→ **Input data**:
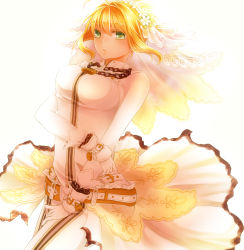 Rule 34 | 10s, 1girl, ahoge, bad id, bad pixiv id, belt, blonde hair, bodysuit, breasts, chain, chiroron, fate/extra, fate/extra ccc, fate (series), gloves, green eyes, lock, nero claudius (bride) (fate), nero claudius (fate), nero claudius (fate) (all), padlock, solo, veil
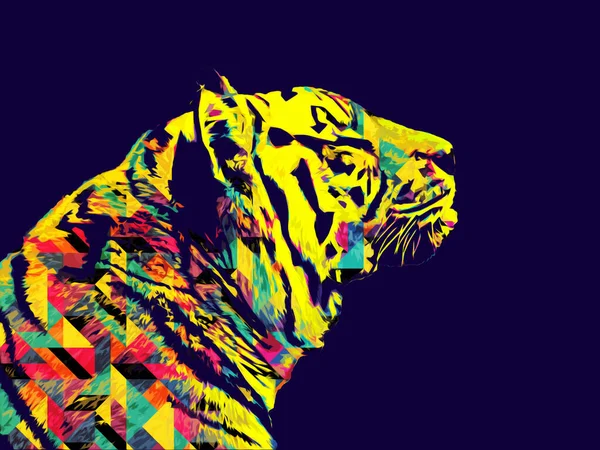 Tigre Arte Ilustração Velho Desenho — Fotografia de Stock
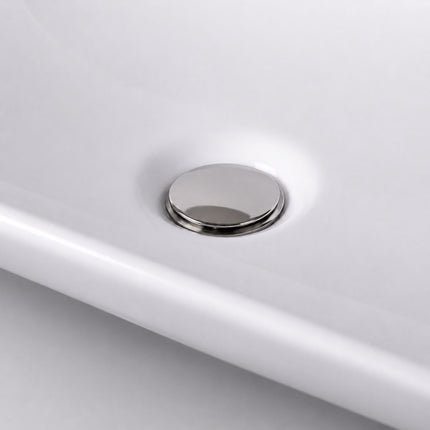 Square Ceramic Countertop Washbasin, 59 x 37 cm, White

→ **What to work on**:
Copy every line above exactly; images stay out.

→ **Your solution**:
 Rule 34 | 10s, 1girl, ahoge, bad id, bad pixiv id, belt, blonde hair, bodysuit, breasts, chain, chiroron, fate/extra, fate/extra ccc, fate (series), gloves, green eyes, lock, nero claudius (bride) (fate), nero claudius (fate), nero claudius (fate) (all), padlock, solo, veil
 Tigre Arte Ilustração Velho Desenho — Fotografia de Stock
 Square Ceramic Countertop Washbasin, 59 x 37 cm, White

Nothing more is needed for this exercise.